Dangerous Dukas

It was a symphonic weekend, starting with guest soloist Renee Fleming on Thursday evening. The concert opener was Dukas’ Sorcerer’s Apprentice, and in the 12 minutes that elapsed from downbeat to cutoff, we went from stagnant 95-degree heat to a full-blown meteorological event. As the final notes died away, the storm reached its peak and we were plunged into darkness.

Well, it wasn’t really that dramatic, but continuing the show with backup power was a challenge. Emil entertained the crowd for a few minutes (including a plug for the upcoming Wizard of Oz that encouraged folks to come and enjoy “If I Only Had a Brain – a song you wish you’d hear more often in Washington, DC.”

Friday night brought a “Video Game Symphony” – about 6,000 concert-goers, many many of them first-timers. My son’s a gamer, so this stuff isn’t all new to me. And some of the scores aren’t bad at all. It’s film music for a new generation and it certainly has a fighting chance to re-invent the Symphonic Pops audience. I’m not one of those folks who believes that the Pops audience will ever migrate to mainstream symphony in any significant numbers, but I’m still all for this. (A scene from Mario Bros. on the giant screen above)

Last Songs

I did appreciate Tim Page’s article in yesterday’s Post about the passing of Elizabeth Schwarzkopf. Most particularly this paragraph:

The best evaluation of Schwarzkopf remains that of the English critic J.B. Steane in his invaluable book “The Great Tradition”: “The thought and art are so marvelously exact that one wants to call them calculated, which immediately suggests something unfeeling and insincere; yet this is self-evidently absurd, for insincerity, like sentimentality, betrays itself by inexactness and distortion. What one has in Schwarzkopf is a high degree of awareness — of colors and styles, and of the existence of choice.”

Indeed, that’s something that we’re too often willing to overlook when we work with aspiring singers. We could do worse than to cultivate a high degree of awareness of the power of choice.
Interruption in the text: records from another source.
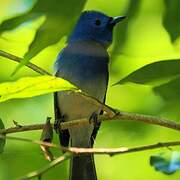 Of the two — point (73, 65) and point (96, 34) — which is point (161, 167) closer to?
point (73, 65)

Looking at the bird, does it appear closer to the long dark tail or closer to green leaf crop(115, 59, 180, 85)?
the long dark tail

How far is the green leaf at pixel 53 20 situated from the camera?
4.08 feet

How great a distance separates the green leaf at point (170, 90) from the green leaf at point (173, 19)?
0.39ft

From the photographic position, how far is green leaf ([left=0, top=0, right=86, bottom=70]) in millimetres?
1242

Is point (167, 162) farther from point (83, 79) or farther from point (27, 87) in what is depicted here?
point (83, 79)

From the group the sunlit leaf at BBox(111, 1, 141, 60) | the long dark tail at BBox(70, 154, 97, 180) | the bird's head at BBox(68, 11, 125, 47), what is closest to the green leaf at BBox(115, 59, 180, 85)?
the sunlit leaf at BBox(111, 1, 141, 60)

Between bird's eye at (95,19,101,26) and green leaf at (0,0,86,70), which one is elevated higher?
bird's eye at (95,19,101,26)

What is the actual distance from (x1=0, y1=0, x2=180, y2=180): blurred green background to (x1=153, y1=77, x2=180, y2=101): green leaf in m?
0.03

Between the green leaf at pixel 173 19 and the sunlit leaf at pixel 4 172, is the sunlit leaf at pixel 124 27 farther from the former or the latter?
the sunlit leaf at pixel 4 172

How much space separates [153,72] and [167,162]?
9.4 inches

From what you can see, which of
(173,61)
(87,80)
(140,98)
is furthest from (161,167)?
(87,80)

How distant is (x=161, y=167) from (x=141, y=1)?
19.3 inches

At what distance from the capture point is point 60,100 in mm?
2477

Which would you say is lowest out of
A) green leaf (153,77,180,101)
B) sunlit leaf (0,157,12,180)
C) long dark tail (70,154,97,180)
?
long dark tail (70,154,97,180) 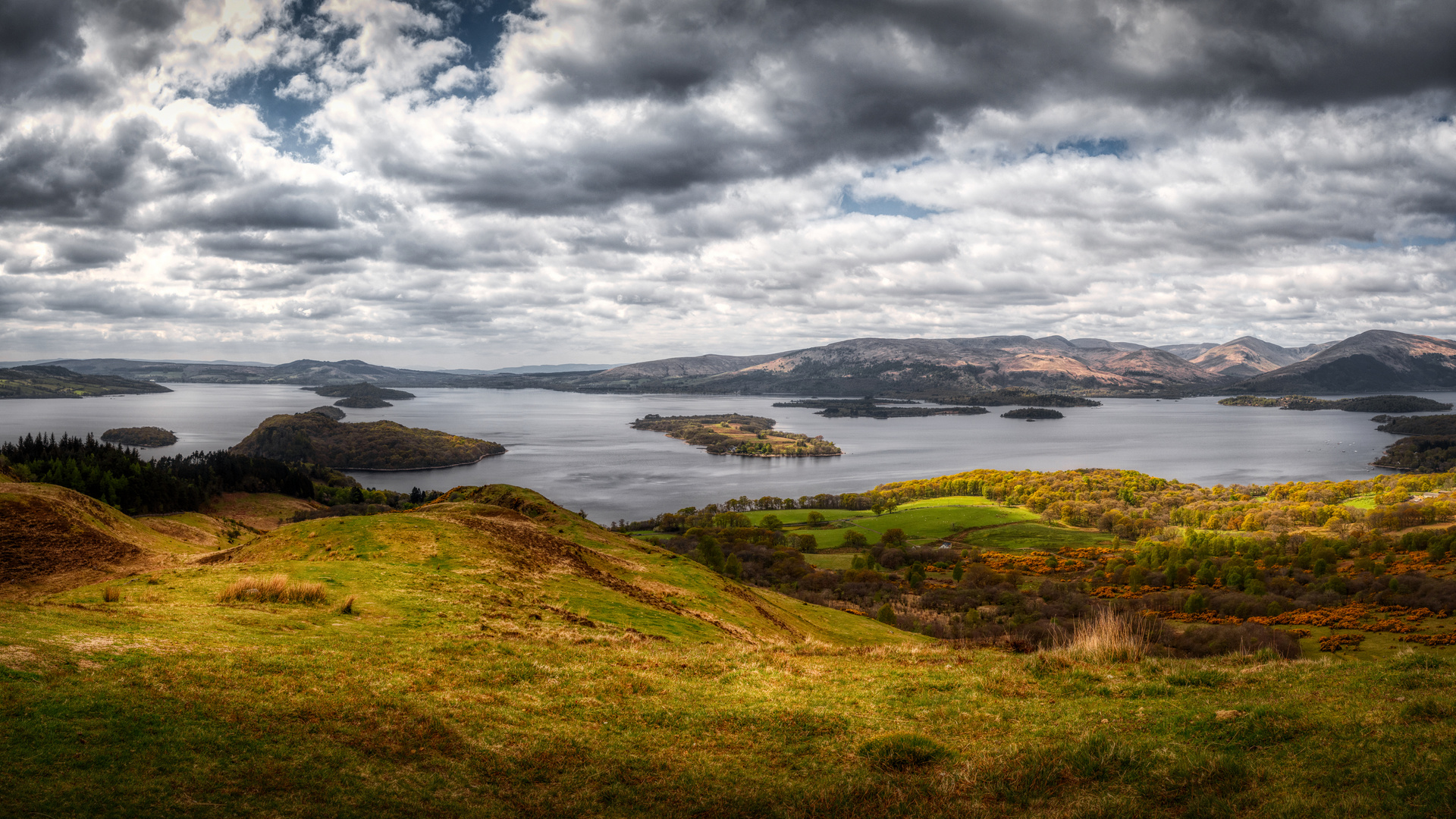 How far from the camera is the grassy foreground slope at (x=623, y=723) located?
816cm

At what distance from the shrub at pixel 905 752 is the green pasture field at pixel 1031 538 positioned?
107m

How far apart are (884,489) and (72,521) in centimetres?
14949

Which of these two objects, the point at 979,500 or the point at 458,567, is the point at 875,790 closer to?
the point at 458,567

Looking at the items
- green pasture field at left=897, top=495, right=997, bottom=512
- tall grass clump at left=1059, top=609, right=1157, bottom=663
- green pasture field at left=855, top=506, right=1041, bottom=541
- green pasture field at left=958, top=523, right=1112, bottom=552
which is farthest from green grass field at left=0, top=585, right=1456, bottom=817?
green pasture field at left=897, top=495, right=997, bottom=512

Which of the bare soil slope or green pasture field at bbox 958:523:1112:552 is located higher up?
the bare soil slope

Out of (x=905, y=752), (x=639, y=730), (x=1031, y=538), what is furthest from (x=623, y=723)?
(x=1031, y=538)

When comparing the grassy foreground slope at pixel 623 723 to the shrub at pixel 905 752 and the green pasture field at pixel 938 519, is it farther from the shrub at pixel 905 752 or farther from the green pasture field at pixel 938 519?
the green pasture field at pixel 938 519

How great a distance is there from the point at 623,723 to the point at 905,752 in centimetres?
478

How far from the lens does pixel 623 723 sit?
11828 millimetres

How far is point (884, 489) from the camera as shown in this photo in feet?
523

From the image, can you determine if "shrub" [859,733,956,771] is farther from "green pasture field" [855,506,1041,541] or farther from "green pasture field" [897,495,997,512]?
"green pasture field" [897,495,997,512]

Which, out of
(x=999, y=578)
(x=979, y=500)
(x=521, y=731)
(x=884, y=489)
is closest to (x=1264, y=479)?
(x=979, y=500)

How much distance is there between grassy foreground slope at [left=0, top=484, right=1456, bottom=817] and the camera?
26.8ft

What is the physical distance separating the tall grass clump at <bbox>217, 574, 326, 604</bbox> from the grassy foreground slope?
423mm
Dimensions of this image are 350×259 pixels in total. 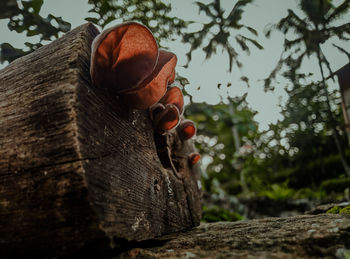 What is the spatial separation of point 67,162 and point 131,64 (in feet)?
2.00

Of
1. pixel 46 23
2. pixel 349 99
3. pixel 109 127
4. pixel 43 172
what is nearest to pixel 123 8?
pixel 46 23

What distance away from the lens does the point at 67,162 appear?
940mm

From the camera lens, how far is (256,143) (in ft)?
41.6

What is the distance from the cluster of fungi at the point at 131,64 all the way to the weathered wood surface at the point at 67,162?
9 cm

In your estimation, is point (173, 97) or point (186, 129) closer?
point (173, 97)

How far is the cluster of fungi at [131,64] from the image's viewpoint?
3.52ft

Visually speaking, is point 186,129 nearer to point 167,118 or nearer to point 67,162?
point 167,118

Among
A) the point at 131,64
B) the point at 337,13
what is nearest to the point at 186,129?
the point at 131,64

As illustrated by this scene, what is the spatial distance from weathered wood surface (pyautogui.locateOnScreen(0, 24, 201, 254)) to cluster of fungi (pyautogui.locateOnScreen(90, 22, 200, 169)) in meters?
0.09

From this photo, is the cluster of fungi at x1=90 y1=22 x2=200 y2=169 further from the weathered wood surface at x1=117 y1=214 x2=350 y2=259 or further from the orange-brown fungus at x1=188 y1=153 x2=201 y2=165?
the orange-brown fungus at x1=188 y1=153 x2=201 y2=165

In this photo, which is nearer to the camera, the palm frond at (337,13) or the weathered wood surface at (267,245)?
the weathered wood surface at (267,245)

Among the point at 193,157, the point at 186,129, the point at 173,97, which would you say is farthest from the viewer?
the point at 193,157

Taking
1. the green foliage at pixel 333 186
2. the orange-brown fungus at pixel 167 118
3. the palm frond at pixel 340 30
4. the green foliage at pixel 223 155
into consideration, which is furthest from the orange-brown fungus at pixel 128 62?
the palm frond at pixel 340 30

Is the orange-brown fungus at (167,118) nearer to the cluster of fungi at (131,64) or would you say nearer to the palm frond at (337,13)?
the cluster of fungi at (131,64) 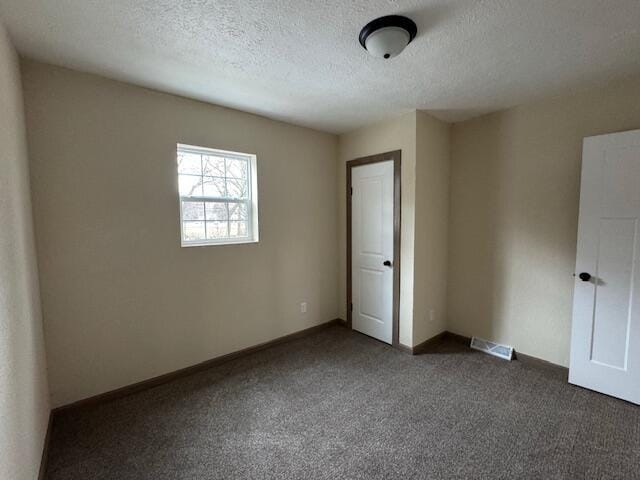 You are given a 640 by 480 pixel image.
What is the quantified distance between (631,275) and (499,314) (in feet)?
3.51

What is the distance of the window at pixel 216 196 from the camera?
2.59 m

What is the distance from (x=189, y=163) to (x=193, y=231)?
62cm

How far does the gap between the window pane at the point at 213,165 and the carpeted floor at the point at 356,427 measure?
6.09ft

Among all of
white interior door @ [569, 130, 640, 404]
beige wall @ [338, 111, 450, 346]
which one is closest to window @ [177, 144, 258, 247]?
beige wall @ [338, 111, 450, 346]

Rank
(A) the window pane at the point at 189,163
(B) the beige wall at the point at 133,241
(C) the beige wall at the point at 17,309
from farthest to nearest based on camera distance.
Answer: (A) the window pane at the point at 189,163 < (B) the beige wall at the point at 133,241 < (C) the beige wall at the point at 17,309

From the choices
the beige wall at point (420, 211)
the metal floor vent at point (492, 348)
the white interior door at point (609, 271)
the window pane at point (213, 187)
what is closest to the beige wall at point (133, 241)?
the window pane at point (213, 187)

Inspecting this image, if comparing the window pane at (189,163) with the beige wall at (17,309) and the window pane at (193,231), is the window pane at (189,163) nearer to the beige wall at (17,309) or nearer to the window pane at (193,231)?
the window pane at (193,231)

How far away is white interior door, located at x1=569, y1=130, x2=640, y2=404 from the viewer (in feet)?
6.89

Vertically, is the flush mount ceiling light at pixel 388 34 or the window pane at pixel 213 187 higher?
the flush mount ceiling light at pixel 388 34

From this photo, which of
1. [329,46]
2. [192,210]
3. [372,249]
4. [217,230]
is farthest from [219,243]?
[329,46]

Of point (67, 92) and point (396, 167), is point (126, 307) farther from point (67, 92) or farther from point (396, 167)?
point (396, 167)

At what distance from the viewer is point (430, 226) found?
10.1ft

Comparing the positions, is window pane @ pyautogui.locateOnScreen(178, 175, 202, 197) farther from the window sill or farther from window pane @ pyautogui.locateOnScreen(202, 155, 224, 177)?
the window sill

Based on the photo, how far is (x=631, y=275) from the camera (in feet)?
6.94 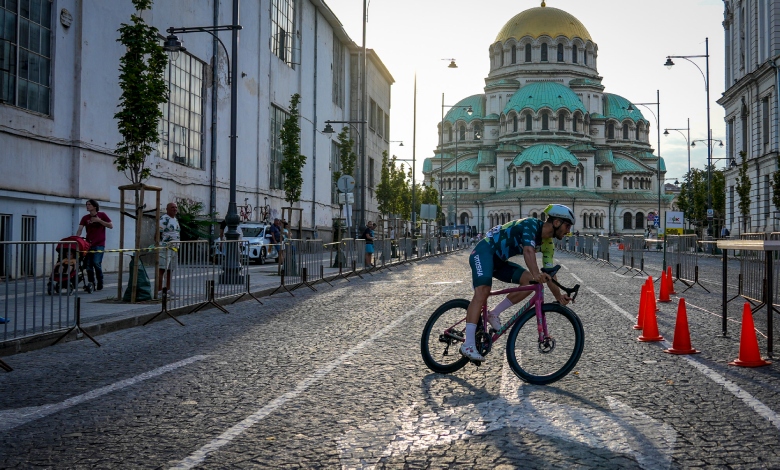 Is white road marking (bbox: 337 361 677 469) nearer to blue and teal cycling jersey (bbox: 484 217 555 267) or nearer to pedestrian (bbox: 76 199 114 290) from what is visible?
blue and teal cycling jersey (bbox: 484 217 555 267)

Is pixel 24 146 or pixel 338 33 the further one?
pixel 338 33

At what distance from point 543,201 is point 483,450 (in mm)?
114368

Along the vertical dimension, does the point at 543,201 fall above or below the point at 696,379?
above

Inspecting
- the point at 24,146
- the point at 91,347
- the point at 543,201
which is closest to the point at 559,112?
the point at 543,201

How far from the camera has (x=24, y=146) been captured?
63.0 feet

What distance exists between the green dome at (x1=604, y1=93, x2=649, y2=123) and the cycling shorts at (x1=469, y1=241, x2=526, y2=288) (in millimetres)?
128445

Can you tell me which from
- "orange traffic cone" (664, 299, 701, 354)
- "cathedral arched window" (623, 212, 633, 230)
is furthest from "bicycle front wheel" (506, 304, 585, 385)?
"cathedral arched window" (623, 212, 633, 230)

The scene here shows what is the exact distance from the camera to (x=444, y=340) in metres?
7.61

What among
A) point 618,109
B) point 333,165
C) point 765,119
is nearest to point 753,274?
point 765,119

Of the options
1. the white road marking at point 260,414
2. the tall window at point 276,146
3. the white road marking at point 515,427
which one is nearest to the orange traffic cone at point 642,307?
the white road marking at point 260,414

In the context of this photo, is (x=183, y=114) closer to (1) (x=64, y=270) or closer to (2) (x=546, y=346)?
(1) (x=64, y=270)

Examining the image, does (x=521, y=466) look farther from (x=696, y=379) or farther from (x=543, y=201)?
(x=543, y=201)

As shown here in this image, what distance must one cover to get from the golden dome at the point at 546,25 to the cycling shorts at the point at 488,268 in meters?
121

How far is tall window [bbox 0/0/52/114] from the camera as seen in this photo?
18.4 meters
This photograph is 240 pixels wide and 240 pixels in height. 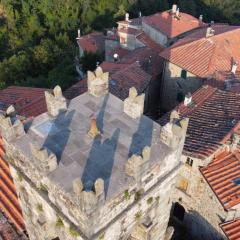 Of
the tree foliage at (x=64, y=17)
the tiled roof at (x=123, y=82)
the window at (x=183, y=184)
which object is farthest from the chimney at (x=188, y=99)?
the tree foliage at (x=64, y=17)

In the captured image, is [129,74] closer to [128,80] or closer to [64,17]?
[128,80]

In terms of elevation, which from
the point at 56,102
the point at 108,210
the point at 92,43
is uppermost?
the point at 56,102

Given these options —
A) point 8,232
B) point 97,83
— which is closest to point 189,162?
point 97,83

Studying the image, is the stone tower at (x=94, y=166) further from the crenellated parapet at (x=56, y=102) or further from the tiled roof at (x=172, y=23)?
the tiled roof at (x=172, y=23)

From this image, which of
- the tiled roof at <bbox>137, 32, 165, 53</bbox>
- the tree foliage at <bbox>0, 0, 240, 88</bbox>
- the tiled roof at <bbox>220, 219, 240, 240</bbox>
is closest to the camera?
the tiled roof at <bbox>220, 219, 240, 240</bbox>

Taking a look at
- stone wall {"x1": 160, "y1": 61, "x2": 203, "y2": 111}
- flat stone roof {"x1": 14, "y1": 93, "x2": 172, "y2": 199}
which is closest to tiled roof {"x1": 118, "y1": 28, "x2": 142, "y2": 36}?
stone wall {"x1": 160, "y1": 61, "x2": 203, "y2": 111}

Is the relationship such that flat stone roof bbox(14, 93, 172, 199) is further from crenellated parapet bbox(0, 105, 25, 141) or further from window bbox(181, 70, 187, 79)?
window bbox(181, 70, 187, 79) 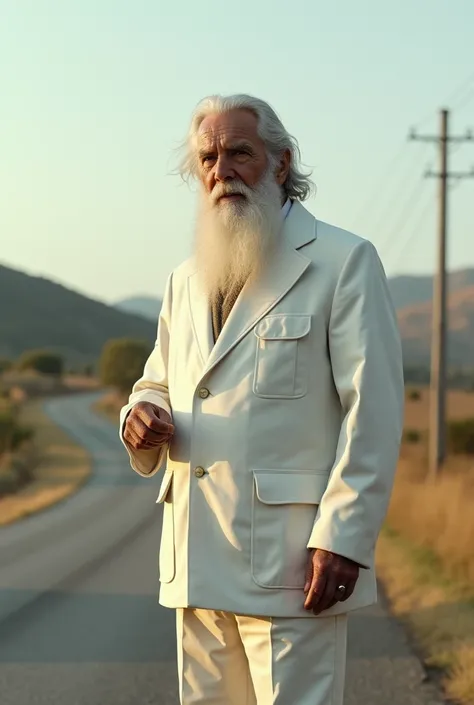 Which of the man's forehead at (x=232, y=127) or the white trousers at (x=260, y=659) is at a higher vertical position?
the man's forehead at (x=232, y=127)

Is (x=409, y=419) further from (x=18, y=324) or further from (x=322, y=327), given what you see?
(x=18, y=324)

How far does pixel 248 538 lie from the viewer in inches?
120

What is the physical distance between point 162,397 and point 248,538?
1.87ft

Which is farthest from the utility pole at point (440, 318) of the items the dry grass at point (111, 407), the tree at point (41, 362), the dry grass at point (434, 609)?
the tree at point (41, 362)

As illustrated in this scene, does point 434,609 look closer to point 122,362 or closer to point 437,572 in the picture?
point 437,572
(Postscript: I must confess, though, that I was among those young musicians terrified during a master class with Miss Schwarzkopf in the 80’s.)

Passing It On

Speaking of such things, I’ve forgotten to report that three of our singers did a Non-Master Class a few weeks ago with some aspiring high school and undergraduate singers. The idea is to allow the younger singers to ask questions of artists who are just a few steps beyond them in their career paths. And who are likely to have more detailed, current answers to their burning career questions than the teachers/coaches/parents. Things like whether or not it’s essential to go to a big name conservatory for undergraduate study (emphatically no), whether it’s OK to move your arms at all in an audition (yes), and how critical it is to develop a full character in order to sing an excerpted aria (very).

Other topics included language fluency and study, the difficulty in performing baroque da capo arias, ways to deal with preludes/postludes/interludes, and how important it is to keep one’s perspective in this wacky industry.

Flowers 8.06.06

Doing remarkably well in spite of the neglect.

One Comment

Anonymous

So, I’m at the doctor the other day reading Northern Virginia Magazine (why didn’t they have a good old smutty People?), when I come across a little article about Wolf Trap that mentions WTOC. Apparently the full-scale, original language operas produced by WTOC are performed by 12-16 year olds!!! Hello?!